▶ _RECORD EXCERPTS_

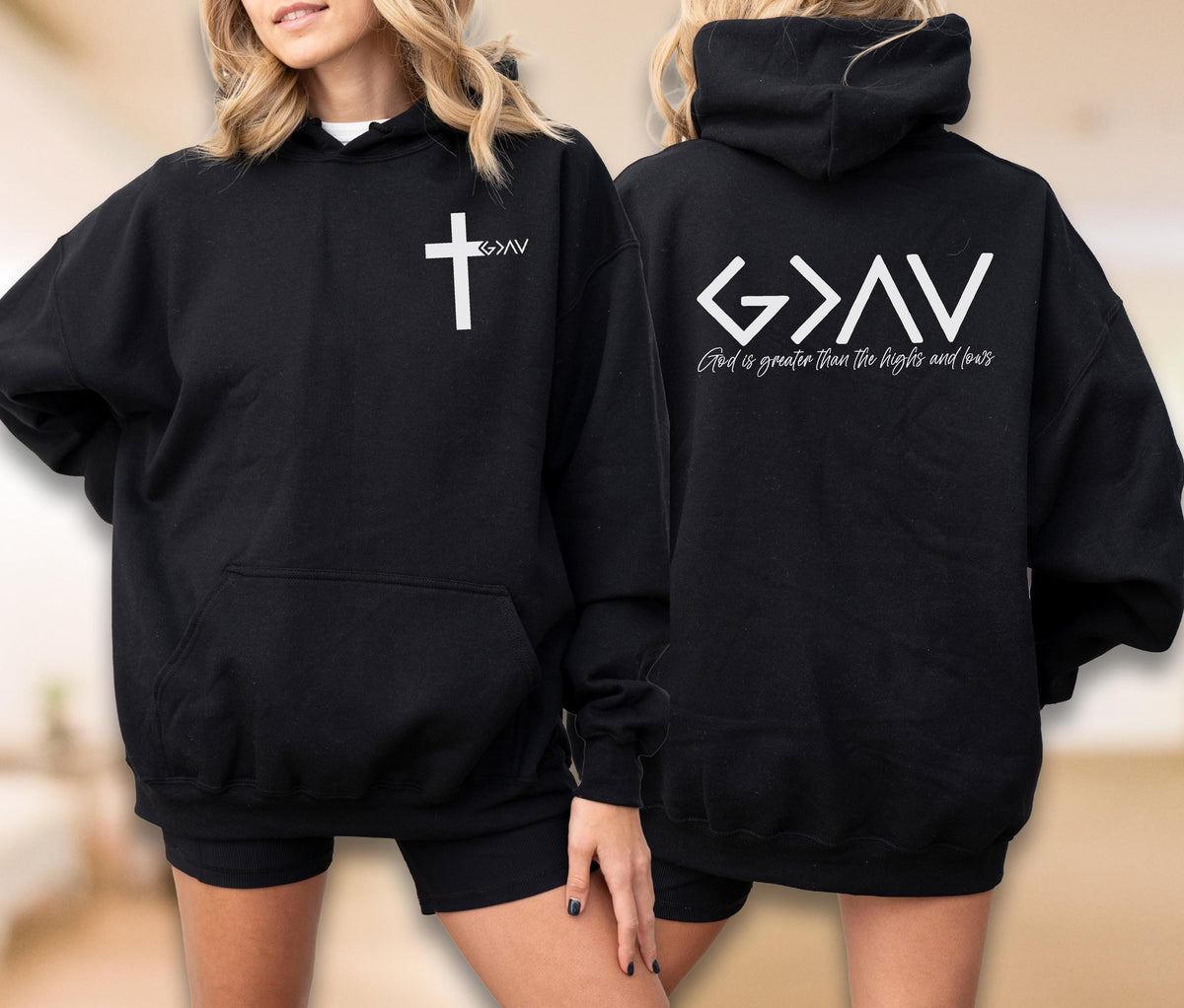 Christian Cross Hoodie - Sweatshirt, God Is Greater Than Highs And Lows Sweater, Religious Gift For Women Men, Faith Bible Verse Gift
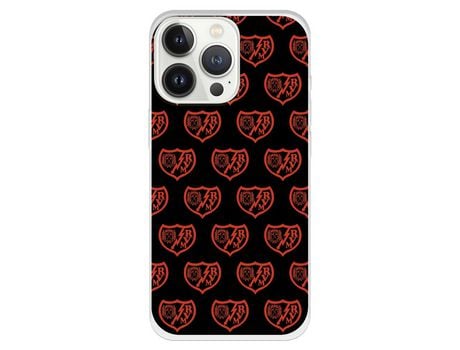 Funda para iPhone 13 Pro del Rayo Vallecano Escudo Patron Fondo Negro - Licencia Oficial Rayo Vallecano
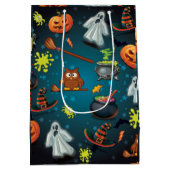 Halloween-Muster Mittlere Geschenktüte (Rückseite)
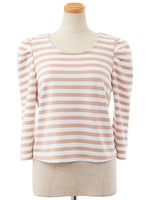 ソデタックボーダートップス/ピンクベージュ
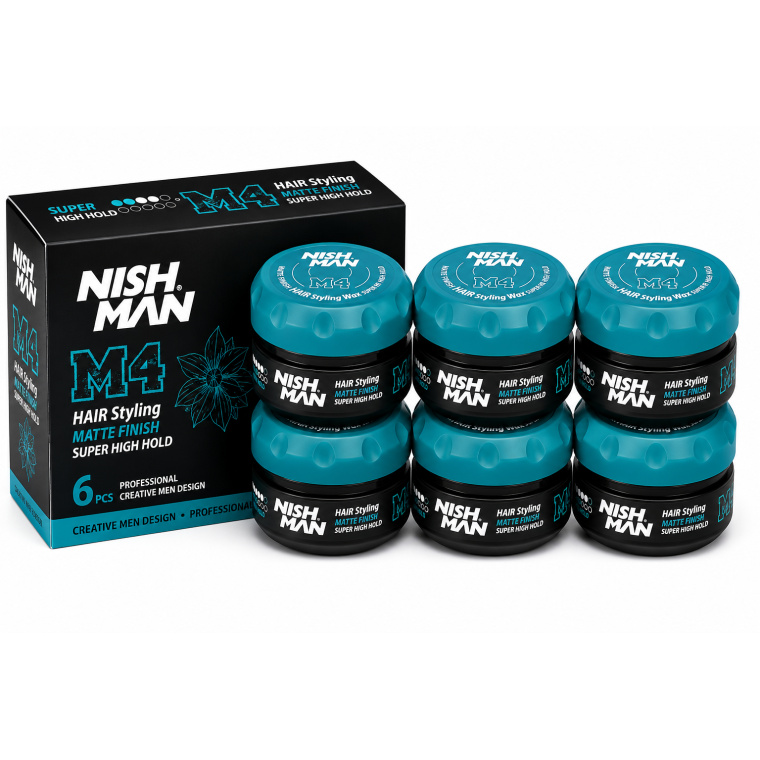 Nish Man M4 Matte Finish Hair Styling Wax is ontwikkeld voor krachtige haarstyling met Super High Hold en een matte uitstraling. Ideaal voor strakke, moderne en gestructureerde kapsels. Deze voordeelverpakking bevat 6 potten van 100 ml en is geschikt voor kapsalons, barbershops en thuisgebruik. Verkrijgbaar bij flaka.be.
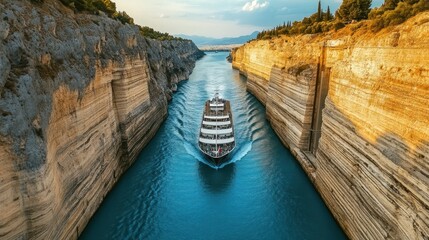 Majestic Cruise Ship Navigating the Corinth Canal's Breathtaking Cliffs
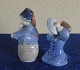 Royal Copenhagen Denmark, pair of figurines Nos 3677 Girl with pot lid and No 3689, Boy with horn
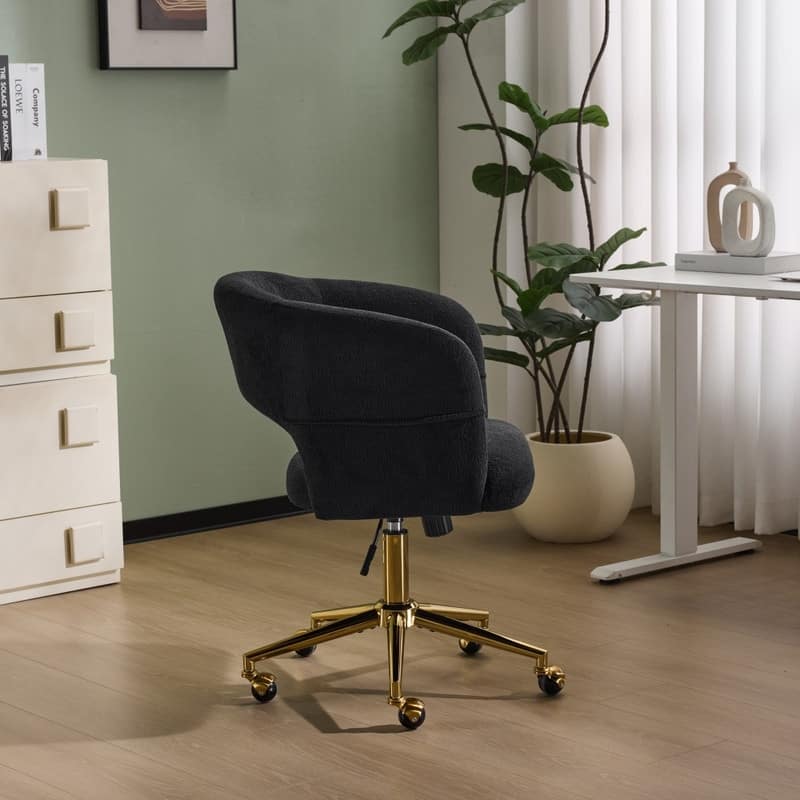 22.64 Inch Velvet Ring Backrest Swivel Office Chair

▶ _WHAT YOU HAVE TO DO_
Please copy out from the data above, without any picture, exactly the lines running from the one that holds "Funda para iPhone" through the one that holds "Nish Man M4", and nothing beyond them.

▶ _ANSWER TO THIS PROBLEM_
 Funda para iPhone 13 Pro del Rayo Vallecano Escudo Patron Fondo Negro - Licencia Oficial Rayo Vallecano
 Halloween-Muster Mittlere Geschenktüte (Rückseite)
 ソデタックボーダートップス/ピンクベージュ
 Nish Man M4 Matte Finish Hair Styling Wax is ontwikkeld voor krachtige haarstyling met Super High Hold en een matte uitstraling. Ideaal voor strakke, moderne en gestructureerde kapsels. Deze voordeelverpakking bevat 6 potten van 100 ml en is geschikt voor kapsalons, barbershops en thuisgebruik. Verkrijgbaar bij flaka.be.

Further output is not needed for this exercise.